TASK BRIEF.
This calls for a verbatim copy of all the data, with no images carried over.

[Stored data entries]

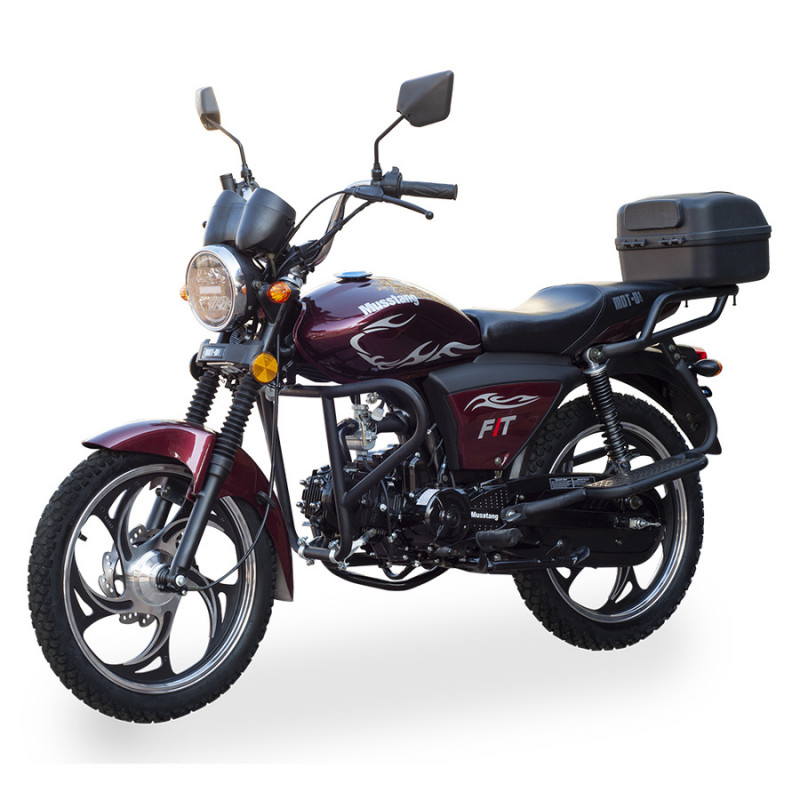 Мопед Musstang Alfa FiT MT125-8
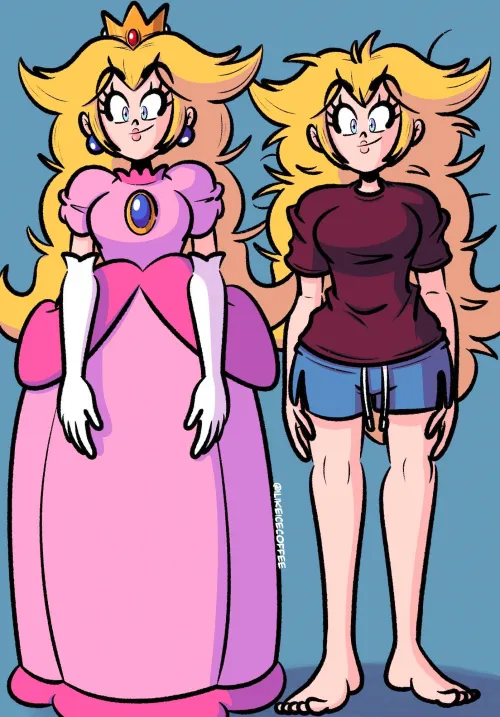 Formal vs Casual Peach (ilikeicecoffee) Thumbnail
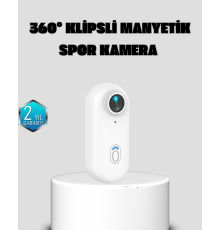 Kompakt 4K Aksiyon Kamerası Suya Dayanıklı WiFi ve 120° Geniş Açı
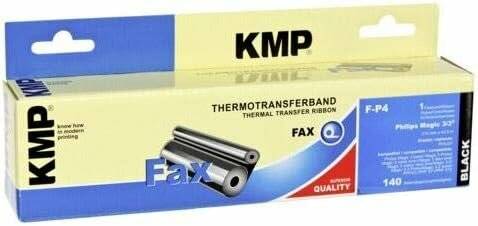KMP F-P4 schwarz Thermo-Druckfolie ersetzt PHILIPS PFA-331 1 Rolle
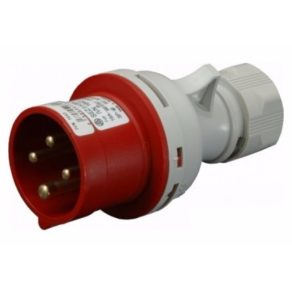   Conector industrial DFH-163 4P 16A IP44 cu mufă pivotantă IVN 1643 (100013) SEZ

SOLUTION FOR THIS PROBLEM.
 Мопед Musstang Alfa FiT MT125-8
 Formal vs Casual Peach (ilikeicecoffee) Thumbnail
 Kompakt 4K Aksiyon Kamerası Suya Dayanıklı WiFi ve 120° Geniş Açı
KMP F-P4 schwarz Thermo-Druckfolie ersetzt PHILIPS PFA-331 1 Rolle
   Conector industrial DFH-163 4P 16A IP44 cu mufă pivotantă IVN 1643 (100013) SEZ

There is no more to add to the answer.